In 2014, she appeared as Beverly Penn in the film adaptation of the Mark Helprin novel Winter's Tale. In 2015, she co-starred in Paul McGuigan's Victor Frankenstein as Lorelei, the Esmerelda-like acrobat. In 2016, she joined the cast of the biopic feature film, England is Mine, about the early life and career of English singer Morrissey, who co-founded the indie rock band The Smiths.

Brown Findlay portrayed Charlotte Wells, a madam's daughter and sex worker, in the three series run of Harlots (2017–2019), a period drama television series initially screening on ITV Encore in the UK and on Hulu Plus in the US. In 2020, she was in the main cast of the series Brave New World.

Early life
Brown Findlay grew up in Cookham, Berkshire. Her father is a financial adviser and her mother is a teaching assistant. She told Vanity Fair in 2012, "I grew up there, as did my Mum. My Nan and Granddad are around the corner. It is a very familiar place and incredibly dear to my heart. It's sort of quiet, but wonderfully so."

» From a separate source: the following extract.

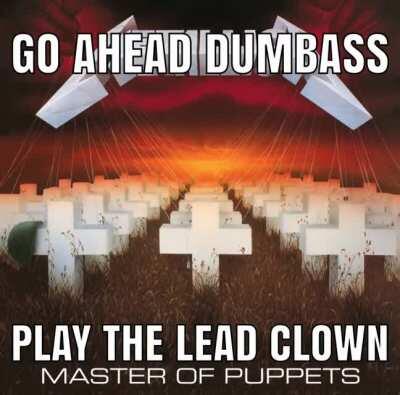 play the lead clown, retard ☺️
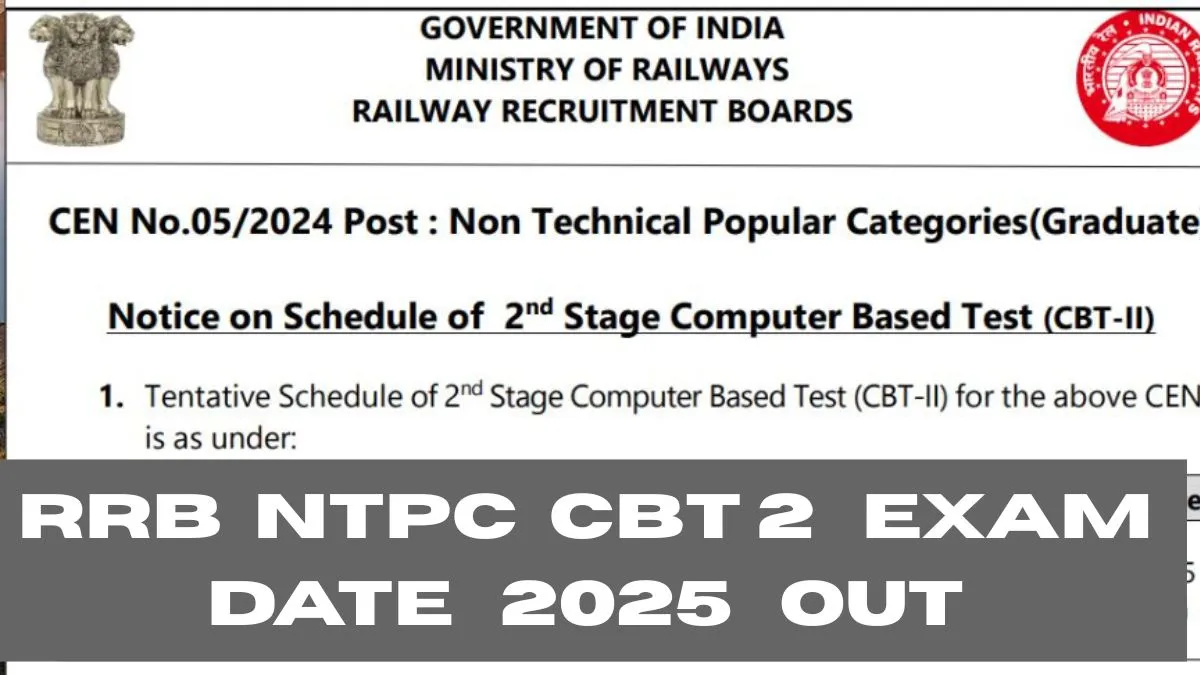 RRB NTPC Graduate Level CBT 2 Exam 2025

She trained with the National Youth Ballet and the Associates of the Royal Ballet, and at age 15 was invited to dance with the Kirov at the Royal Opera House for a summer season. She attended Furze Platt Senior School in Maidenhead. At the end of her GCSEs, she was accepted to a number of ballet schools, but chose to attend the Arts Educational School for the A-level courses it provided and its pastoral care. She was there for two years. In the second, she had three operations on her ankles, the last of which went wrong, preventing her from continuing as a dancer.

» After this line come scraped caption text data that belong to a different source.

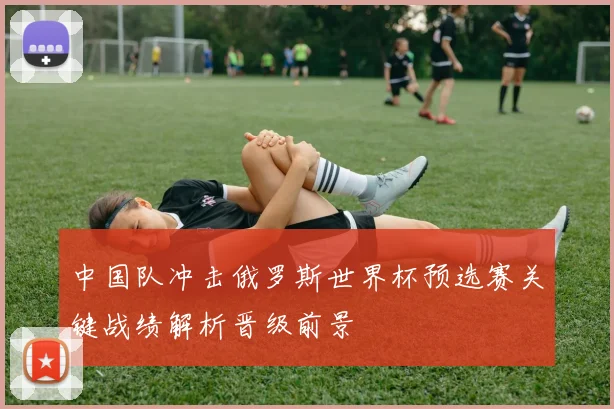 中国队冲击俄罗斯世界杯预选赛关键战绩解析晋级前景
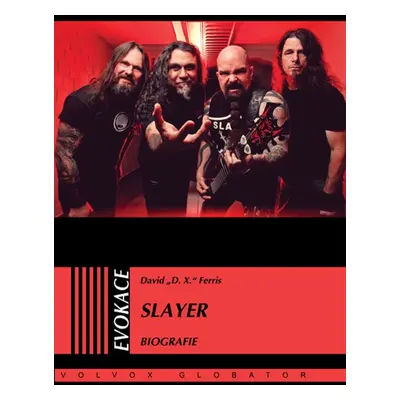 Slayer - David "D.X." Ferris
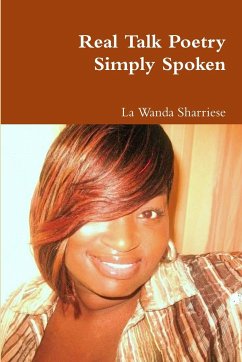 Real Talk Poetry Simply Spoken - Sharriese, La Wanda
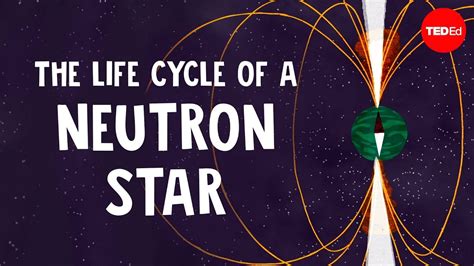 The Life Cycle Of A Neutron Star David Lunney Youtube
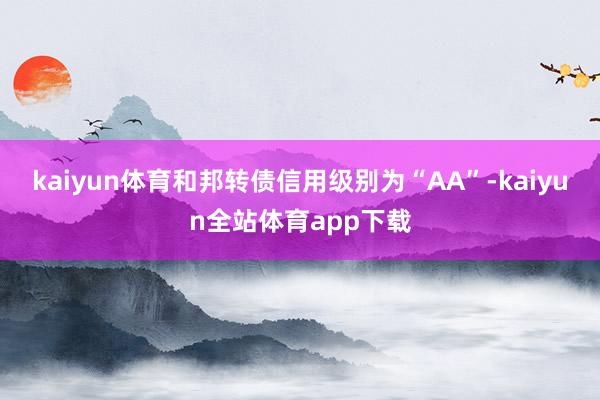 kaiyun体育和邦转债信用级别为“AA”-kaiyun全站体育app下载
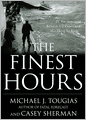 The Finest Hours: The True Story of the US Coast Guard's Most Daring Sea Rescue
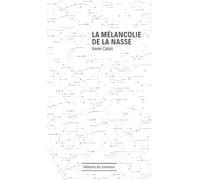 Mélancolie de la nasse (La) - Xavier Calais - Du Commun Les Eds - broché - Essai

After encouragement from an art teacher, she finished her education at Arts Educational School, Tring Park, then moved on to a fine art course at Central Saint Martin's College of Art and Design. In a 2012 interview with Vanity Fair, she said, "Growing up, I was completely in love and infatuated with ballet. Ballet was my life completely." She subsequently attended university in London, where she discovered the stage. She said, "Acting was the element from ballet that I actually loved and missed the most."

Career
Brown Findlay was cast in the lead role of 17-year-old Emilia Conan Doyle for Albatross, a 2011 British coming-of-age comedy drama film directed by Niall MacCormick, co-starring Julia Ormond, Felicity Jones and Sebastian Koch. Its premise is a teenage aspiring writer entering the lives of a dysfunctional family on the south coast of England, with bookish young women meeting up with a peer who lacks any boundaries or inhibitions. She was next cast in two episodes of the British science fiction comedy-drama television show Misfits, where she appeared in the first-season finale as a wholesome religious girl whose superpower is convincing everyone to abandon their delinquent behaviour in favour of celibacy.

Almost immediately after her work in Albatross, Brown Findlay was cast in the ITV period drama television series Downton Abbey as Lady Sybil Crawley, the youngest and most forward-thinking of the Grantham daughters. In a 2012 interview with Vanity Fair, she said, "I thought this character of Sybil was fascinating, and I liked her modern attitude to life." She was the second major cast member to leave the series when her character died from eclampsia after giving birth in the third series. During a 2015 interview, Downton Abbey creator Julian Fellowes discussed the plot twist: "Jessica Brown Findlay, who played Sybil, had said she was going to leave right from the beginning. She said, 'I'm doing three years, then I'm leaving.' So that was all worked out."

She next appeared as Abi in the Black Mirror episode "Fifteen Million Merits" with English actor Daniel Kaluuya.   The episode imagined a dystopian future where people earn merits on exercise bikes and the only way to escape their slave-like existence is to audition for reality TV judges.

In 2012, Brown Findlay became the face of the Dominic Jones jewellery line. She was cast in Not Another Happy Ending by John McKay, and in the miniseries Labyrinth, based on the novel of the same name by Kate Mosse, portraying Alaïs Pelletier. In 2012, she was cast as Beverly Penn in the film adaptation of the novel Winter's Tale (2014) with Colin Farrell and Russell Crowe.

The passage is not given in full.